Por más modesto que quiera ser al respecto, no
encuentro el modo de omitir que he procurado ser detallista, exhaustivo y
meticuloso en mis argumentaciones contra el horribilísimo e insalvable sistema
político que nos domina, así como sobre la nocividad moral en que incurre
quien lo convalida o avala en vez de procurar su destrucción. Ergo, dable
sería esperar la misma actitud analítica en quienes no comparten mi postura.

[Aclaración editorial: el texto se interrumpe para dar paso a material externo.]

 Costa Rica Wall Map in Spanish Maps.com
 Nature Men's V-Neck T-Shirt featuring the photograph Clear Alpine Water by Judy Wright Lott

Lamentablemente no suele suceder así. Y cualquier
opinante anónimo de un blog, verbigracia, se cree facultado para descalificar
mi tesitura. O peor dicho: lo que suponen, sin leerme de modo íntegro, que
es mi tesitura. Las presiones para que me rinda y siente cabeza de católico
que “no dogmatiza lo prudencial”, ni tiene “conciencia escrupulosa”, ni “vea
pecado donde no lo hay”, se multiplican en vísperas de cada elección, con
argumentos cada vez más insólitos. Últimamente, el de acusarme de donatista,
platónico, kantiano, rigorista, fariseo, provocador o desafectado de los
hipotéticos beneficios que les traería a los militares presos el triunfo de esa
porciúncula más del estiércol que responde a la sigla PRO.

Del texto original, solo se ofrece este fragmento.